Simon Peter had left his fishing nets by the Sea of Galilee to follow Jesus. He had witnessed the feeding of the five thousand, the raising of Jairus’ daughter, and had walked to Jesus on the water. He had been taught love, forgiveness, resolve, allegiance, faith, and obedience, by the Messiah himself. In this lesson, we contrast Peter’s failure to stand up for his Lord, with the triumph over Satan he experienced after Pentecost when three thousand souls were converted to Christ. Our objective is to find the reasons for his failure and subsequent successes, and apply those lessons to achieve greater effectiveness in our service to the Lord.
- Reading the first portion of our text in Matthew, what can we see in Peter’s expressed determination to follow Christ?
- In spite of Peter’s earlier stand, when the testing time came, he failed his Lord. On the three occasions when he was accused of being a follower of Jesus of Nazareth, how did Peter’s behavior become increasingly vehement and reproachful?
- Looking at Matthew 26:40-41, note one reason why Peter’s resolve to stand by his Lord failed.
- Is it possible to discover our weakness in time to avert failure?
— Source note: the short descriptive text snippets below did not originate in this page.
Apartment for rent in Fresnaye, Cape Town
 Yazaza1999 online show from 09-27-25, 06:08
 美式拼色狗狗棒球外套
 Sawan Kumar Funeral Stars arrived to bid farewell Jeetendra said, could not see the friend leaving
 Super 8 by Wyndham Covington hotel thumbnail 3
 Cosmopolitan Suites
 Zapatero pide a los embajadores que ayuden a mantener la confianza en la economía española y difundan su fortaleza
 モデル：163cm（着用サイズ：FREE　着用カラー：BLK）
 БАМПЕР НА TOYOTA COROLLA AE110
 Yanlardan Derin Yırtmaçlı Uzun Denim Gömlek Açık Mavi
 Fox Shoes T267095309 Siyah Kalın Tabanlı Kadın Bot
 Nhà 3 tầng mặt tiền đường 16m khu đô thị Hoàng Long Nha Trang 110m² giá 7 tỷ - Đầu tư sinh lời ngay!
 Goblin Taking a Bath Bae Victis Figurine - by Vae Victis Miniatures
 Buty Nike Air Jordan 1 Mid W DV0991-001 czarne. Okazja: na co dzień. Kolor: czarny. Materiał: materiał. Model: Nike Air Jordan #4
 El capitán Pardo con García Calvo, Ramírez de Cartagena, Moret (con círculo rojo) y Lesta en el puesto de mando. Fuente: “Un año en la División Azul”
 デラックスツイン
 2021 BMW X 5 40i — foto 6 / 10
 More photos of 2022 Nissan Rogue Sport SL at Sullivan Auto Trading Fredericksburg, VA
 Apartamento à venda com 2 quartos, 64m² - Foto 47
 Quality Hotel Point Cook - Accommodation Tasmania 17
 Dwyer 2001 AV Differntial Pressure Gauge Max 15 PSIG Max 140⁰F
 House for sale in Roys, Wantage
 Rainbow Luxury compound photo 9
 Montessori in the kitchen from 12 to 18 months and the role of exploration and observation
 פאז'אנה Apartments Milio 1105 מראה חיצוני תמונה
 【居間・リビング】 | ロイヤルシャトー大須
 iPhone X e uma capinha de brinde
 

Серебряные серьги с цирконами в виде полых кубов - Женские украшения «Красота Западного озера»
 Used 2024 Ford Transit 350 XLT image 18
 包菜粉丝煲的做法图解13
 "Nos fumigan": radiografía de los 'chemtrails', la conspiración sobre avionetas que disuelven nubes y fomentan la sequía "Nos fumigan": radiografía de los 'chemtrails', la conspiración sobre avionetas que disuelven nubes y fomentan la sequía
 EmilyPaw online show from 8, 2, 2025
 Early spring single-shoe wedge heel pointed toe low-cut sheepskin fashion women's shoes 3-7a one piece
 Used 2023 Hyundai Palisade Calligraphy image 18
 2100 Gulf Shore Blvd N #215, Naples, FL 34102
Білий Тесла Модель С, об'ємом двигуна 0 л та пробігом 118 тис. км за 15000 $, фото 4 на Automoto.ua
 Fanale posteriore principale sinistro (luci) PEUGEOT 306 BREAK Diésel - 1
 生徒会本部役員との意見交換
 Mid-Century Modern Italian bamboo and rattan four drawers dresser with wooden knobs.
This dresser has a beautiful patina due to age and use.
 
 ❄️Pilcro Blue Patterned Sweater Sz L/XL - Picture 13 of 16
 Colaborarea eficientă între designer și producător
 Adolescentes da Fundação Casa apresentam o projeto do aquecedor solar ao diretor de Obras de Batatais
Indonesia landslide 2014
- Why was the cock’s crowing of concern to Peter? How did Peter react and what does this signify?
- Compare Matthew 26:75 with John 21:15-17. What connection does one have with the other?
- In the Acts portion of our text, we see a completely different Peter from the man who denied his Lord. What enabled him to boldly preach Jesus Christ to this multitude of people when he had previously failed Christ so miserably? See Acts 1:8.
- The Bible tells us of both the strengths and weaknesses of many of God’s men through the ages. Can you cite a reason why God chose to include their weaknesses and failures? See 2 Timothy 3:16 and 2 Peter 3:17-18.
- If one is not completely satisfied with some aspect of his spiritual life, note here what actions can be taken in order to improve.